Copy out the data from the line containing "Desodorante Axe Spray" to its last line, exactly. No pictures.

[[ Records shown, beginning ]]

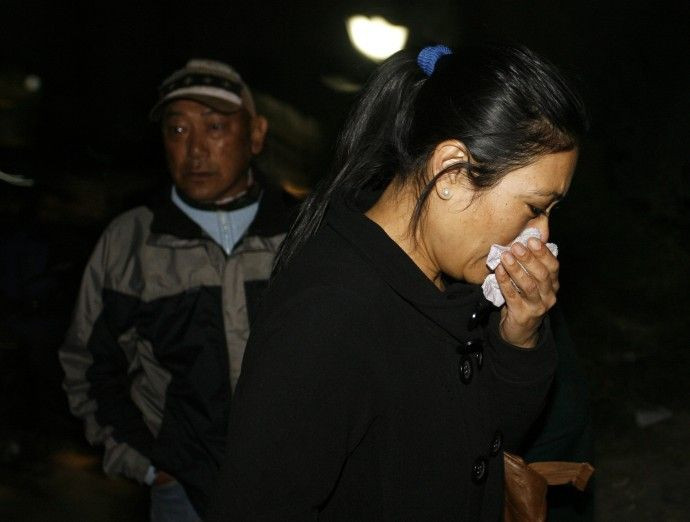 Nepal plane crash kills 22 people on board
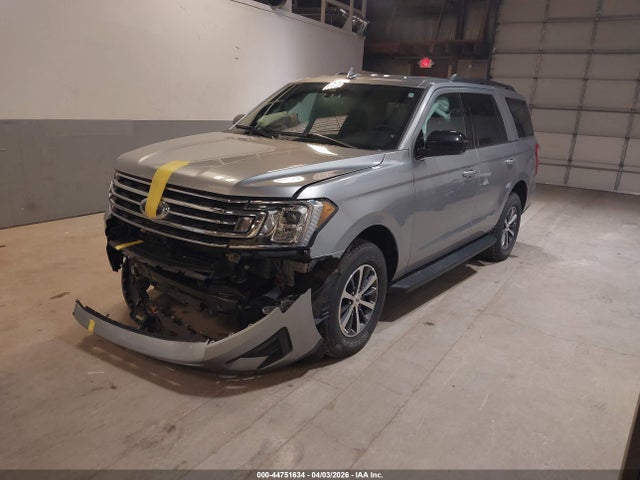 2021 FORD EXPEDITION 1FMJU1GT6MEA50064 Photo 1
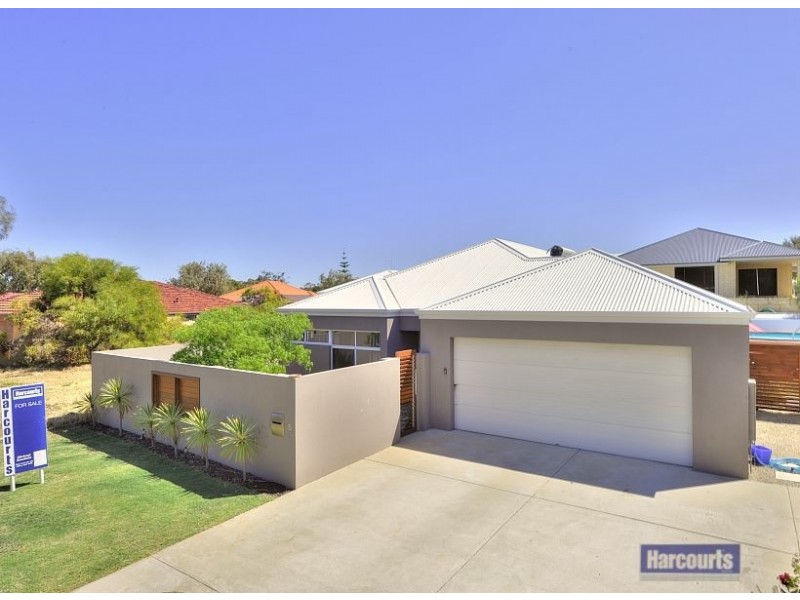 5 Agonis Way, Wannanup WA 6210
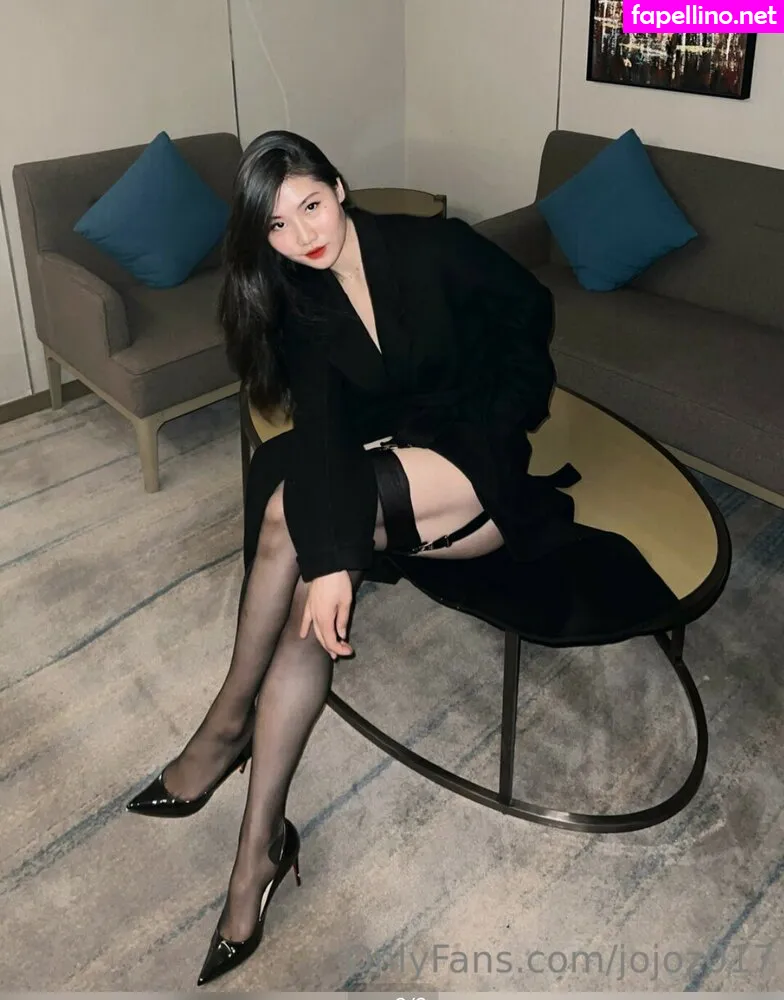 Jiaojiaosquats, jojoz017 Leaked Nude Picture #XHTugHiWCa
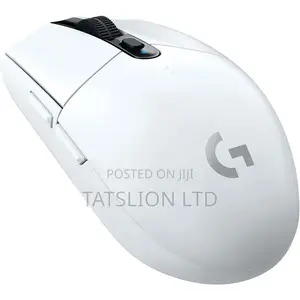 Logitech G305 Mouse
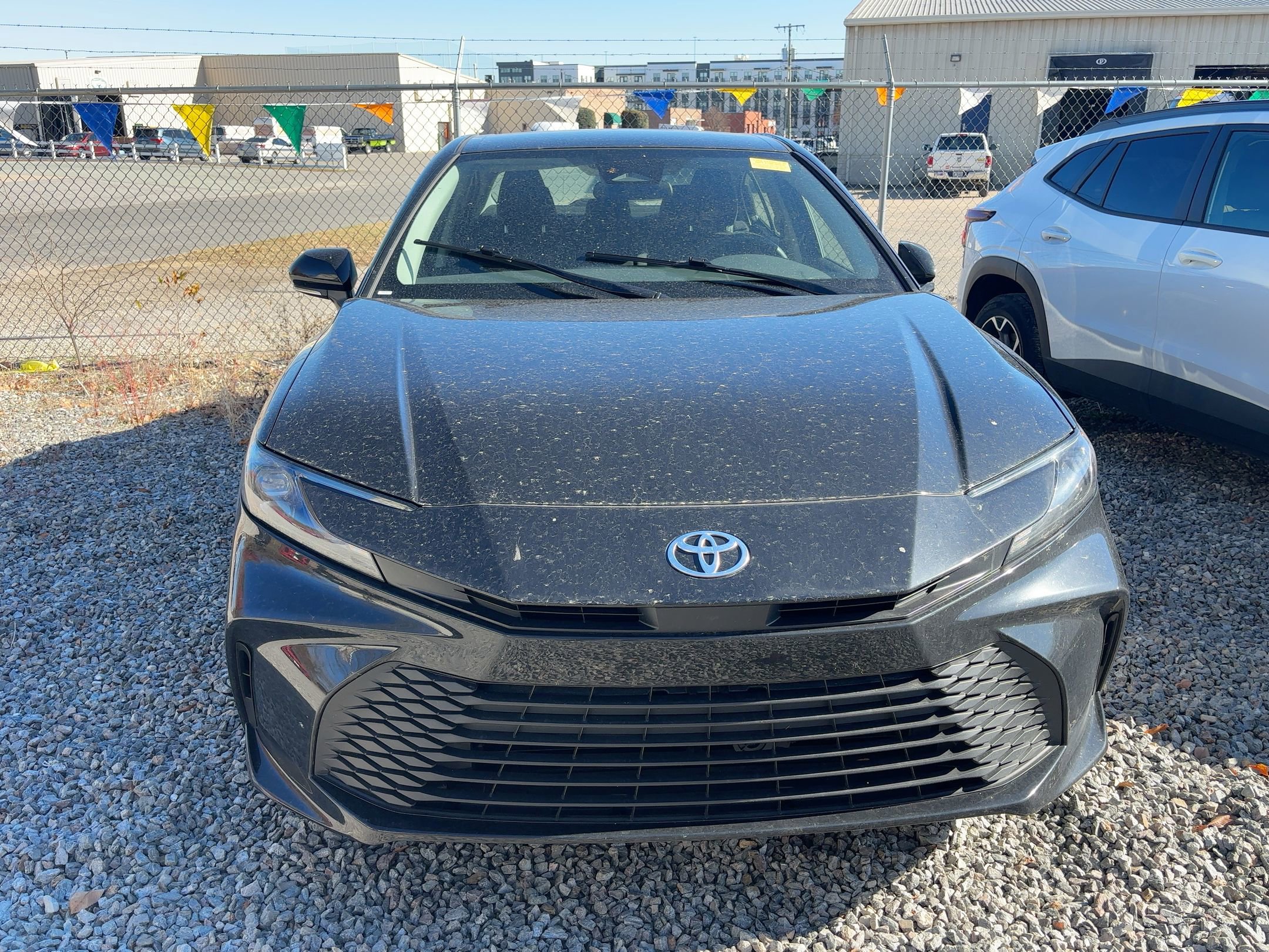 Thumbnail: 2025 Toyota Camry - 10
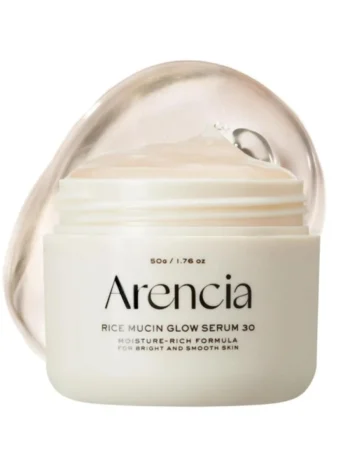 Rice Serum 30 50g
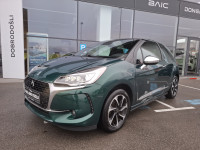 DS Automobiles DS 3 So Chic PureTech 110 AVTOMATIK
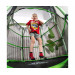 Батут DFC Jump kids 55" (137см) 55INCH-JD-G светло-зеленый 75_75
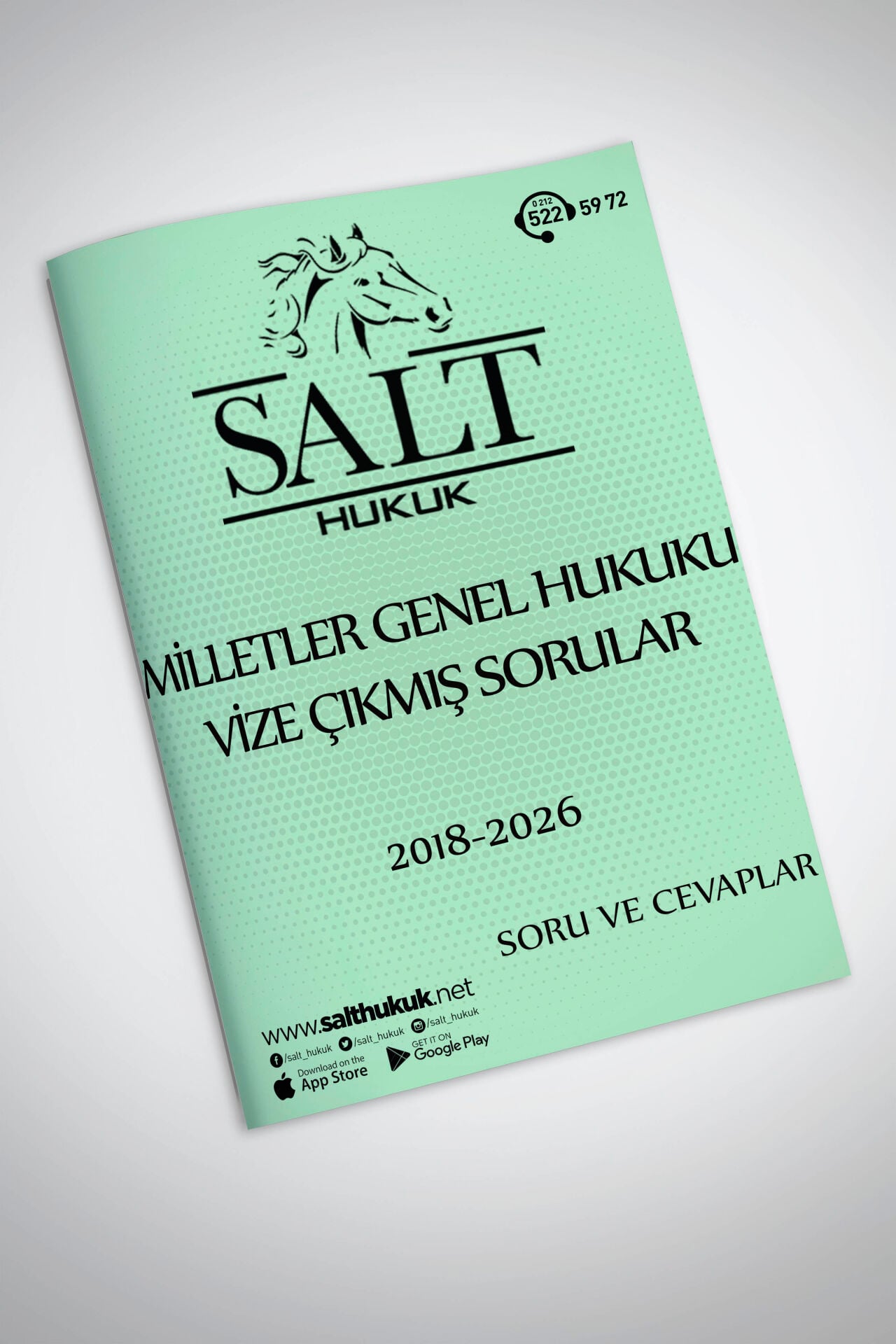 MİLLETLER GENEL HUKUKU VİZE ÇIKMIŞ SORULAR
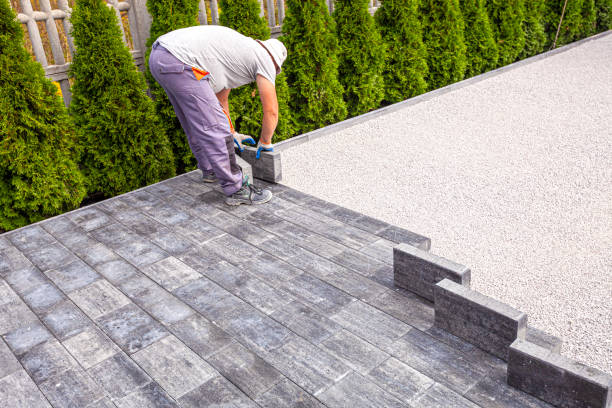 Best Driveway Repair Near Me  in Battle Ground, IN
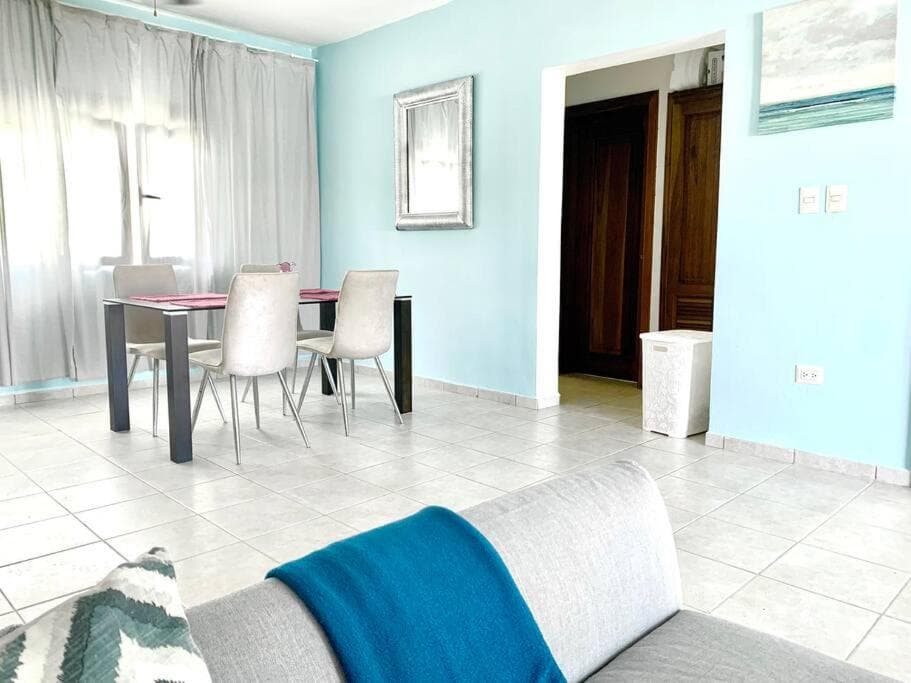 Stanza Mare Ocean View huge Pool Beach Front — 23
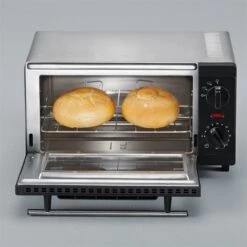 SEVERIN Mini Four 9 L 800 W TO2052 9 SEVERIN Mini Four 9 L 800 W TO2052 -Smeg Shop 740039 2 1 Mini four 9 L 800 W TO2052 Severin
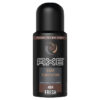 Desodorante Axe Spray Dark Temptation 58 Gr H - Imagen 2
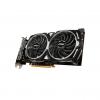MSI Radeon RX 6600 ARMOR 8G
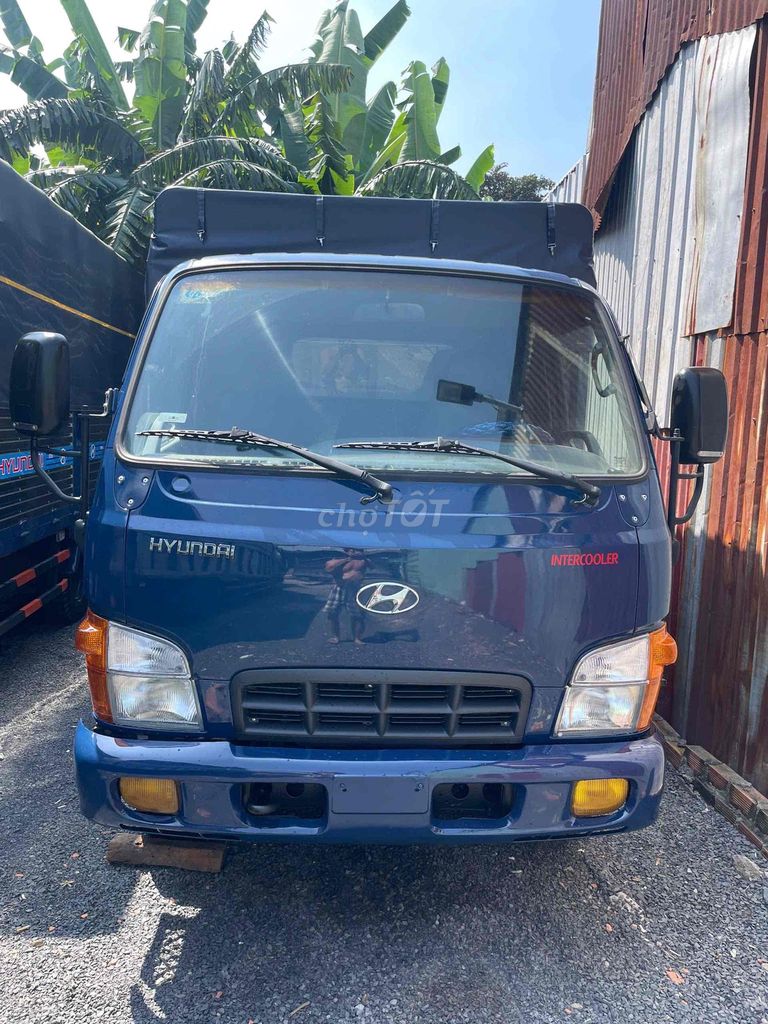 hd 65 2006. Mua bán Xe tải, xe ben tại Thành phố Biên Hòa Đồng Nai được đăng bởi lê thành hình 6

[[ Records shown, end ]]

**Written reply**
 Desodorante Axe Spray Dark Temptation 58 Gr H - Imagen 2
MSI Radeon RX 6600 ARMOR 8G
 hd 65 2006. Mua bán Xe tải, xe ben tại Thành phố Biên Hòa Đồng Nai được đăng bởi lê thành hình 6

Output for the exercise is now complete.